The 42 nomad and 1 5/8 CBE are both the same size aren't they? So if I tried both I could swap lenses back and forth?


----------



## hoosierredneck (May 10, 2010)

The lens on the shrewd scopes have a threaded housing .the lens will fit a 42mm and the 35mm scopes.


----------



## SILVERWOLF_73 (Apr 8, 2007)

*which housing*

I own both of those scope housings and I must say that the shrewd is the better one IMHO you can do so much more with the shrewd compared to the cbe . If you look at the shrewd 42 mm it's actually 2 different sized housings in one also you can mount the pin in 8 different locations. plus the shrewd lens and in a lens cap so they always are put in exactly the same.


----------



## 573mms (Jan 23, 2014)

So who makes the Shrewd lenses are they any good? Can you use any lense in the 42mm nomad like a Brian's custom 1 5/8?


----------



## Garceau (Sep 3, 2010)

Zeiss makes their glass ones, not sure whom makes their lesser expensive ones.

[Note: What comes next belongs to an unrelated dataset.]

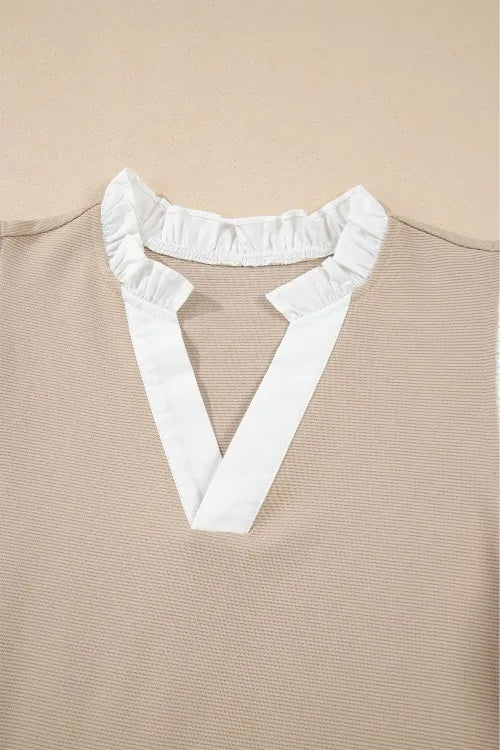 Ruffled Notched Cap Sleeve Top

You can get a retainer rings for them to use with other lens, but not sure exactly the size. I had brian just make me one at a shoot and it wasn't an issue.


----------



## 5ringking (May 25, 2005)

Shrewds for me!!!


----------



## arrowblaster (Feb 9, 2004)

Shrewds for sure.


----------



## Sheila (Mar 7, 2016)

:shade:Shrewd. My husband got me my scope and shades for our anniversary....lol.....he's Awesome! I love my Sun shade, I do use a light depends on lighting as to how bright. I also use a peep with a shade so with a hat or visor I usually don't need someone standing on top of me with an umbrella. Unless the sun is coming directly from front or directly from back. We also very much like Axcel sights. I think there pretty...:smile:


----------



## gmixon0061 (Jan 15, 2012)

SILVERWOLF_73 said:


> I own both of those scope housings and I must say that the shrewd is the better one IMHO you can do so much more with the shrewd compared to the cbe . If you look at the shrewd 42 mm it's actually 2 different sized housings in one also you can mount the pin in 8 different locations. plus the shrewd lens and in a lens cap so they always are put in exactly the same.

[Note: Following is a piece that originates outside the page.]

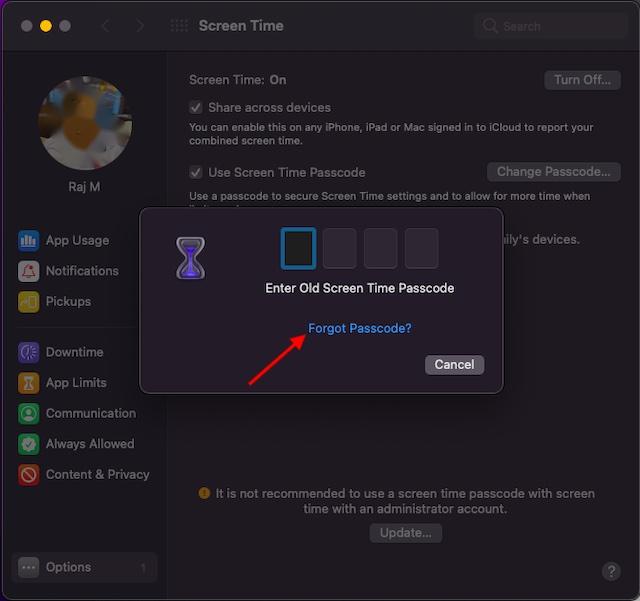 Bildschirmzeit-Passcode auf einem Mac umgehen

Along with shrewds options for pin styles, I definitely believe Shrewd has the upper hand in target scopes.


----------



## blbyars (Feb 21, 2015)

i have vented and non vented in both cbe sizes. they have 3 diff pin positions: up, down, and side. the availability to shoot cheap lens or high quaility...its up to your budget at that point. why you need 8 pin positions is beyond me. there is always a time when people try to buy there way out of a problem...its not the equipment. but i would recommend shooting with a non vented version and sun shade if you plan on using glass outdoors. indoors doesnt really matter if you use a sticker/dot....if you plan on using a pin shrink wrap the fiber tube all the way to your light source so you can control the light, not the sun or artificial lighting. just my $.02 hope that helps.


----------



## southgaboy (Jan 28, 2007)

Shrewd has great customer service and their pins are top notch( they machine their own). Heck, they even sell a .015 pin.


----------



## blade37defender (Jun 8, 2005)

southgaboy said:


> Shrewd has great customer service and their pins are top notch( they machine their own). Heck, they even sell a .015 pin.

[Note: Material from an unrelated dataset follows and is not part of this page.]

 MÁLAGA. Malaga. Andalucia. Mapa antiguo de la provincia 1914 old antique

Ditto.. I shoot a Nomad with a .010 from the 4:30 position outside but change the pin out to a slightly mushroomed .039 for indoors. Soooo many different options in pin sizes with the Shrewd.


----------



## buckwild13 (Sep 6, 2008)

I switched to a shrewd nomad 35mm last year and iv been extremely happy. Its by far best scope set up iv ever used.


----------



## CALELITE (Dec 3, 2013)

Shrewd has my vote. More options, lens is in a housing, 8 different pin location spots ect


----------



## Longshot87 (Jan 15, 2014)

I shoot the Shrewd 42mm Nomad I absolutely love it. I like the construction of the housing and the way the lens threads to the housing as a solid piece.


Sent from my iPhone using Tapatalk


----------